We checked into the travel lodge LAX and were in bed fairly quickly after arrival.


----------



## Seaboard92 (Feb 9, 2020)

An Acela Express passing BWI. 



It may be back lit but I think this is a cool shot. It’s grimy. 



The Coke engine



The Virginia Railway Express in the yard. 



Union Station in DC. One of Seven Union Stations I visited. 



The Legislative Graveyard Protest.


----------



## Seaboard92 (Feb 9, 2020)

Day 2: The San Diegan/Pacific Surfliner to get In and Out

We woke up really early so we could get the 6:05 AM Surfliner to San Diego in my quest to try what is known as the best fast food in America. We left the hotel around four thirty in a Lyft and it didn’t take too long to get to Union Station. We then walked thru the head house to the Metropolitan Lounge to store our bags for the day. We had trouble explaining to the person there we were on Train No. 422 the thru cars on the Sunset Limited but we’re also ticketed on Train No. 562 to San Diego. 

Once our bags were stored we went down to the track and waited to board our Horizon train of which is more representative of the San Diegan trains than the Surfliners. After a short wait for them to open the train we took our seat in the last coach possible figuring it would be a bit quieter which it was. We departed on time and had a relaxing ride. The line from Fullerton to Oceanside would be new milage to me. And not only would it be new it would complete the west coast North South Amtrak route for me. 

Malcolm and I got caught up on a bit of everything on the ride south and enjoyed the lovely view from the Santa Fe Surf Line. We arrived into San Diego about forty minutes late due to signal issues and I took several pictures of the trainset under the Palm Trees. We bought regional day passes for the Trolley and Sprinter than took a trolley to Petco Park. My first trip to the west coast was to San Diego so I kinda wanted to re see things I saw when I was 12. 

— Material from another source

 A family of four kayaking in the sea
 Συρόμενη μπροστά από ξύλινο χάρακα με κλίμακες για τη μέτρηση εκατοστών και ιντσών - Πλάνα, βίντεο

We walked across the new bridge over the rail yard and then down fifth avenue towards the trolley station. I commented a lot on the blending of architecture that only makes sense in San Diego. You have a lot of older style buildings right next to modern 1990/2000s style high rises and it just fits. After a short walk we reached the trolley stop and got on the next Blue Line Train south for lunch. On the way we passed the Pacific Fleet which was actually quite cool. 

I’ll be honest I wasn’t super impressed with In and Out. The burger is definitely good but I’m not sure it’s worth all of the hype it receives and the fries definitely aren’t. Either way I’m glad I tried it out because I’ve heard so much about them since watching Jay Leno during high school. So it at least wasn’t a waste of time. After leaving In-and-Out Burger we took the light rail to Old Town San Diego for a quick stroll around before our train. 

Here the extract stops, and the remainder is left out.